● **Task details**
Only the lines from the line that contains "Pro Sport Media" through the final line of the entries below belong in your answer, copied exactly and without pictures.

● **Data**
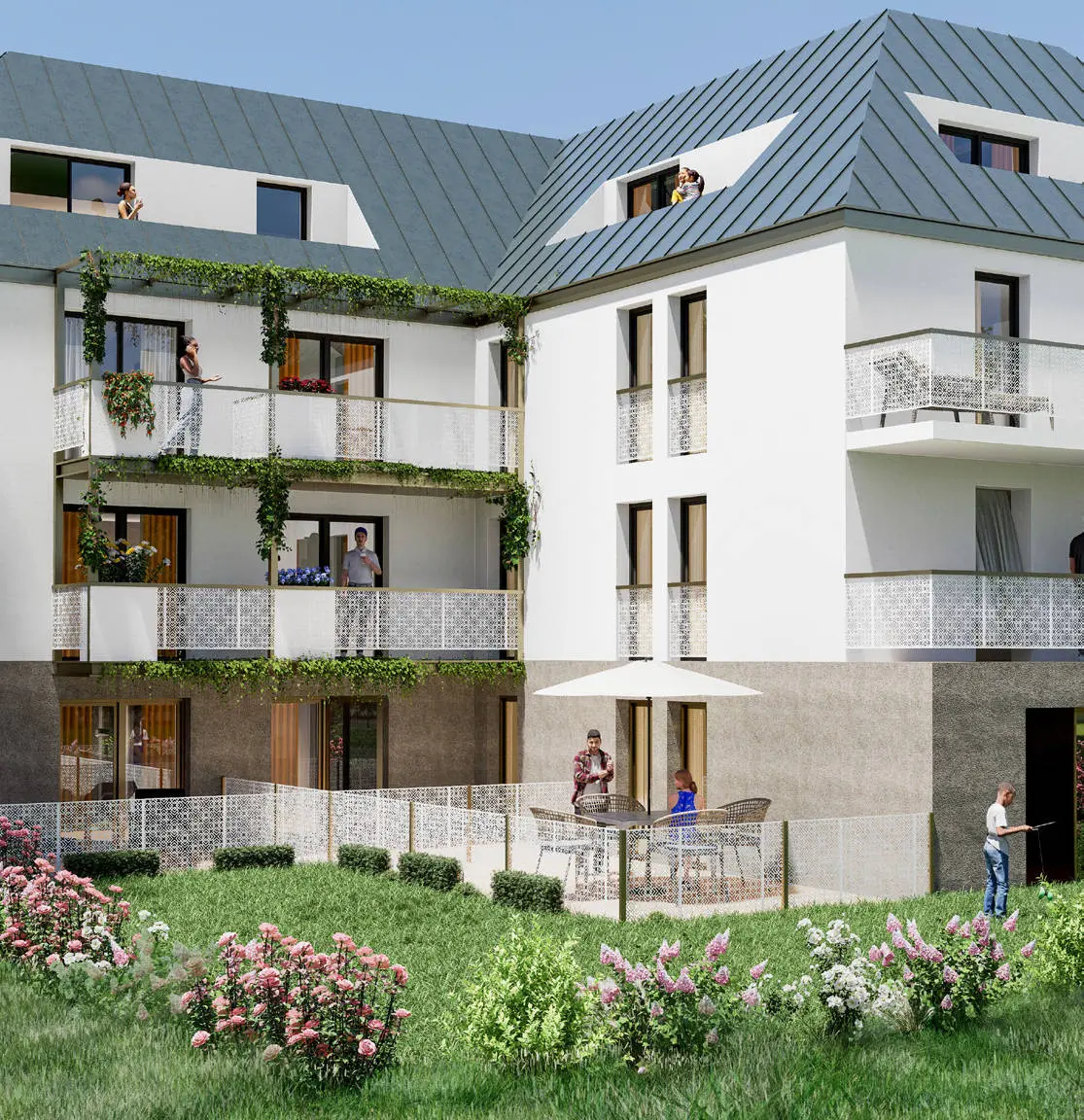 Programme neuf Caen 14000 Calvados 14 de 140000 à 429000 MDCS-33731 002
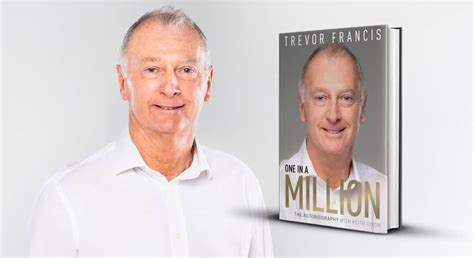 Trevor Francis Autobiography Cover – Olner Pro Sport Media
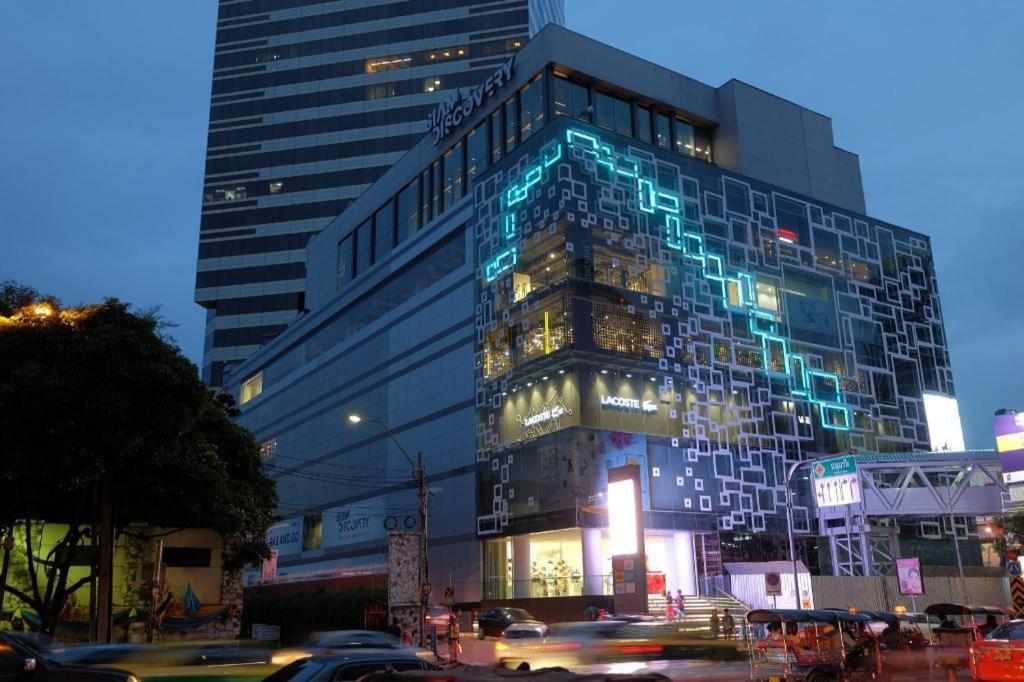 Euro Luxury Pavillion Pratunam Банкок Екстериор снимка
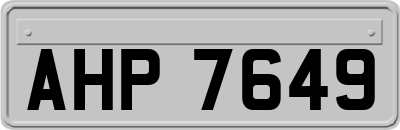 AHP7649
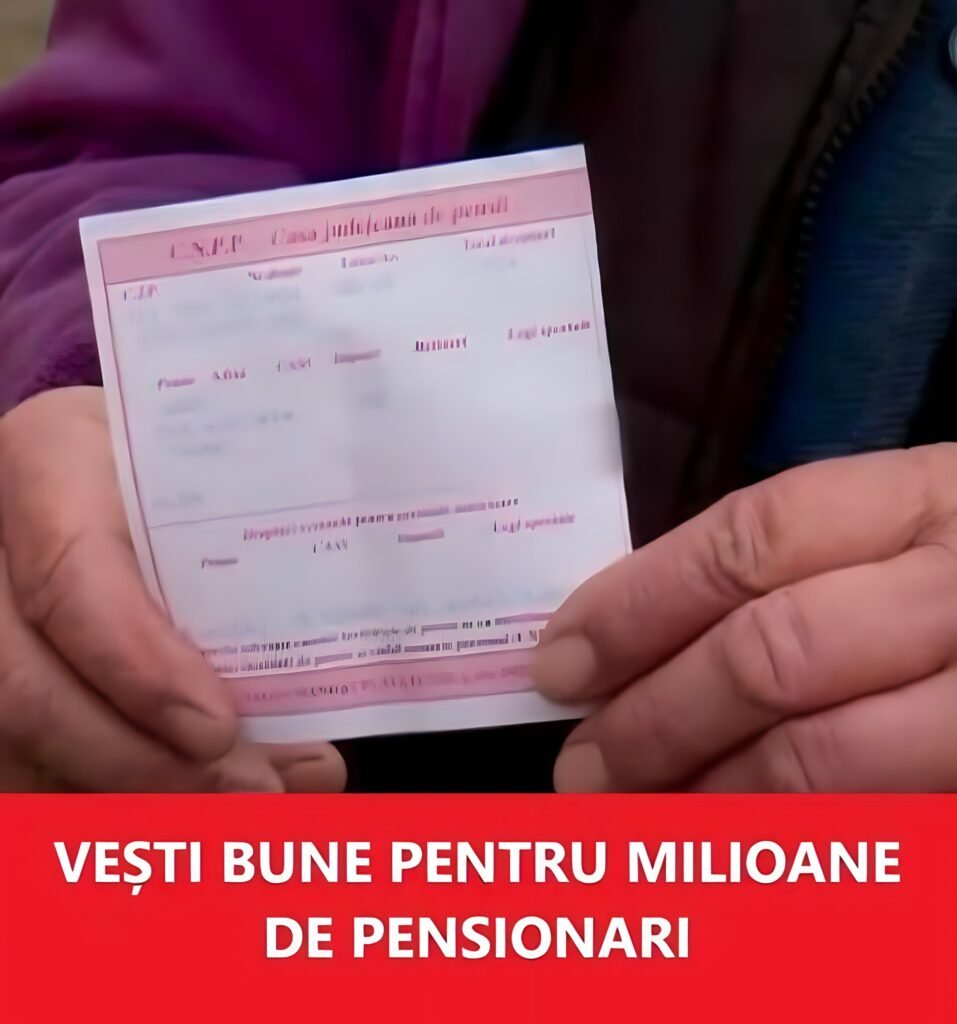 Act aprobat pentru creșterea pensiilor: ce se schimbă pentru beneficiari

● **Written answer**
 Trevor Francis Autobiography Cover – Olner Pro Sport Media
 Euro Luxury Pavillion Pratunam Банкок Екстериор снимка
 AHP7649
 Act aprobat pentru creșterea pensiilor: ce se schimbă pentru beneficiari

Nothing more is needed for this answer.